TWENTY TWO minutes into last Sunday's Lazio v Cagliari Serie A game at the Olympic Stadium in Rome, Czech international midfielder Pavel Nedved picked up a simple pass from South African team mate Mark Fish, close to touch and on the halfway line.
He drifted infield for about 10 strides, gliding past two opponents before striking a 40 yard "sizzler" that flew into the top left hand corner of the net, bending all way beyond the reach of Cagliari's Swiss goalkeeper Marco Pascolo.
It was a stunningly executed goal, a piece of sheer brilliance.
It was also a double edged goal, if such a thing can exist. For Nedved's spectacular effort not only emphatically underlined his increasing importance to the Lazio team, it also effectively condemned Cagliari's Uruguyan conch Gregorio Perez to an immediate sacking.
Nedved's consecration as a vital cog in the Lazio wheel will take perhaps the rest of the season. Perez's sacking took only a matter of hours. Even before Cagliari owner Massimo Cellino had got to Rome's Finicino airport to fly home to Sardinia, the tom toms were already reporting the imminent dismissal of Perez.
Punctually enough, that sacking was confirmed yesterday morning with a club communique.
Perez's failing had been that Cagliari went on to lose Sunday's game 2-1, despite playing for 86 minutes with a one man advantage after Lazio goalkeeper Luca Marchegiani had been sent off in only the fourth minute.
Nedved's achievement was that his brilliant individual effort had lifted a confused and tentative Lazio, putting it back - on the winning track just at the moment when the early sending off of Marchegiani had threatened to cost it dear.
The contrasting fates awaiting the two men, Nedved and Perez, were all too easily read in their faces when they both presented themselves in the press room after the game. Perez had the look of a beaten dog. He recriminated about a controversial refereeing decision which had seen a Cagliari equaliser disallowed because referee Cosimo Bolognino had not seen that a header from Cagliari's Swiss defender Ramon Vega had actually crossed the line before being cleared by Lazio midfielder Diego Fuser. Slow motion replays proved that his recrimination was thoroughly justified - the ball had clearly crossed the line.
No, he answered, coaching a club in Italy is not any more difficult than anywhere else. Perhaps he was reflecting back to last May when Argentine club, Independiente Argentino, unceremoniously showed him the door:
"It's very hard to work in soccer, very hard everywhere and not just in Italy."
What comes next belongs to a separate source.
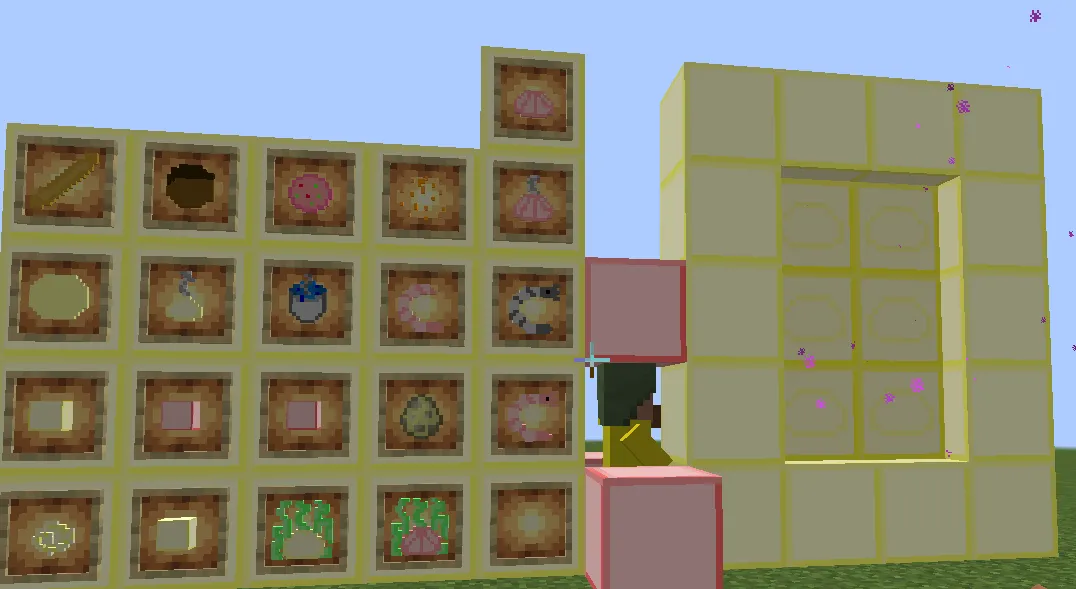 KDumplings New — скриншот 1 (Моды, Minecraft)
Perez had begun his short news conference attempting to speak Italian, by way of reference to his host country. The stress and disappointment of his afternoon's work soon began to tell on him and he broke into an intriguing mix of Italian and Spanish. By the end, he was speaking 100 per cent Spanish. It was as if he knew only too well that he need not bother with the Italian for much longer since he would soon be on his way back home to Uruguay.
Claiming that he had a plane to catch, Perez gladly cut short his news conference, slipping out of the press room and doing his best to sidestep the waiting TV cameras. As he stood up to, leave, the "executioner".
Nedved walked in, accompanied by his own personal interpreter, Zdenek Sestak, nephew of Lazio's Czech coach Zdenek Zeman.
The use of the interpreter can, of course, be a wiley ruse. It allows the "celebrity" time to think or, in the case of Nedved, time to reduce his answers to a bare minimum. The asking and translation of questions on Sunday sometimes took up to a minute.
His replies took seconds.
At 24 years of age and in his first season of "big time" Western soccer, Nedved gives all the appearance of an old style East Bloc player.
"I don't ask myself how many goals I'll score this season. When I play, I don't think of myself but rather of the collective. I take the field determined to help Lazio".
Impassive, with his gaze concentrated firmly on his faithful interpreter and dressed in the club's official match day outfit of elegant light grey suit, Nedved was ironically about as enthusiastic as Perez before him to stretch out his interview.
Nedved is a long way removed from some of the wisecracking superstars we have become used to. Earlier this season, he told reporters that the Czech Republic's great run in the European Championships had been a moment of "great pride" for him, adding:
"I hope I'll do just as well with Lazio. This is my big chance and I don't want to miss it."
All the signs already indicate that he is not going to fluff his chance. This is one Czech player who seems destined to prove that this summer's European Championship results were no flash in the pan.